● Exercise requirements: Copy precisely the first line of the material below and every later line, stopping with the line that contains "Các tông màu".

● Data for review:
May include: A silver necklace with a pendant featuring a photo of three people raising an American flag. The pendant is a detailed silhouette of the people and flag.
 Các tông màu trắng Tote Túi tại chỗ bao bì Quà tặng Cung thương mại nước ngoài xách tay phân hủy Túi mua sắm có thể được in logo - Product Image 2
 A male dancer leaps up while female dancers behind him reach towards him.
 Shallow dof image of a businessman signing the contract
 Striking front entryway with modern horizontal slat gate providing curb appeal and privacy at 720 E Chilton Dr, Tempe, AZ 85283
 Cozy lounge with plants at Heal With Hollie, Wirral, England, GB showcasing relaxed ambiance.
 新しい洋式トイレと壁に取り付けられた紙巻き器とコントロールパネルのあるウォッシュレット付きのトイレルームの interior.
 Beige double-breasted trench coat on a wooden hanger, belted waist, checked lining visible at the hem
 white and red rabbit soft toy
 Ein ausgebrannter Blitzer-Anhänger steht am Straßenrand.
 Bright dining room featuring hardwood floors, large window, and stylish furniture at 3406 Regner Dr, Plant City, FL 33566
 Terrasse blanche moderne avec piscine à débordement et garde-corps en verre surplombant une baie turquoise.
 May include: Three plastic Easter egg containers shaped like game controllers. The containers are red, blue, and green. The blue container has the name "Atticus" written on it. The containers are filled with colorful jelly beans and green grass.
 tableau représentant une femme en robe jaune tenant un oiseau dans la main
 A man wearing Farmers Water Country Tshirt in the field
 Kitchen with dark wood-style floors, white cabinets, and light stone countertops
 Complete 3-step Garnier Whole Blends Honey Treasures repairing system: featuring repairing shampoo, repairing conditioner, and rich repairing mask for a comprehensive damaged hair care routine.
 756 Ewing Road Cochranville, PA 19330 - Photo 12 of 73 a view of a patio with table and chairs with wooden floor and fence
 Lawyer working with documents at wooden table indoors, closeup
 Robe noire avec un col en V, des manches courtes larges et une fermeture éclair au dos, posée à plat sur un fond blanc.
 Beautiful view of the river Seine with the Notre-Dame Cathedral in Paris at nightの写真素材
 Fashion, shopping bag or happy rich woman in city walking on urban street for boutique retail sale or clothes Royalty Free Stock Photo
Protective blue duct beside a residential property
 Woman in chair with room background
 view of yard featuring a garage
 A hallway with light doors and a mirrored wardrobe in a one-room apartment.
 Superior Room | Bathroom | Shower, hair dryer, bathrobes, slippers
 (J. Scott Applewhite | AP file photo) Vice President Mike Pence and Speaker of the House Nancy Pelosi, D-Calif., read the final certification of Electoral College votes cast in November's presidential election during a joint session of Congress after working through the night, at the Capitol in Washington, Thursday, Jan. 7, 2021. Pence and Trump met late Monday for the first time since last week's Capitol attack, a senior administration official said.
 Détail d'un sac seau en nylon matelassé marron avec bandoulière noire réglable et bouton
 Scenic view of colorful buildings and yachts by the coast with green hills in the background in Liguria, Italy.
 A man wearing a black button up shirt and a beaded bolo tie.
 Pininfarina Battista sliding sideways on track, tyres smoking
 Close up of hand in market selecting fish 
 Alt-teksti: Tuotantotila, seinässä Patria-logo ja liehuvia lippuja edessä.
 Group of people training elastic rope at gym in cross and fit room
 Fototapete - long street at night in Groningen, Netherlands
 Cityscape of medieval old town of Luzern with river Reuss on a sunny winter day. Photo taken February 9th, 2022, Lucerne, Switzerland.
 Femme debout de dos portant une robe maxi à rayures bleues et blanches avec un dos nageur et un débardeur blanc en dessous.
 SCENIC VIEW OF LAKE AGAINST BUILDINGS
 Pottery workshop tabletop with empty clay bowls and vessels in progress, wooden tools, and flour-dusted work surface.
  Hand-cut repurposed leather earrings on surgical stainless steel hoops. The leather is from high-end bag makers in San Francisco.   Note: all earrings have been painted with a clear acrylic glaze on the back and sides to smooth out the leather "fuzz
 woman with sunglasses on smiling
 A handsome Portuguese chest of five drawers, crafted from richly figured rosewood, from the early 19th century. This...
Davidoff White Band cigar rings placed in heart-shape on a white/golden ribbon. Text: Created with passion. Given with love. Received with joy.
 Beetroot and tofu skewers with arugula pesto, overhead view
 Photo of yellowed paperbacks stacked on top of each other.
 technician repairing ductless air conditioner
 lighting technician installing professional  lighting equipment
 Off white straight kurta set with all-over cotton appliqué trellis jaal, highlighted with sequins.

● Written solution:
May include: A silver necklace with a pendant featuring a photo of three people raising an American flag. The pendant is a detailed silhouette of the people and flag.
 Các tông màu trắng Tote Túi tại chỗ bao bì Quà tặng Cung thương mại nước ngoài xách tay phân hủy Túi mua sắm có thể được in logo - Product Image 2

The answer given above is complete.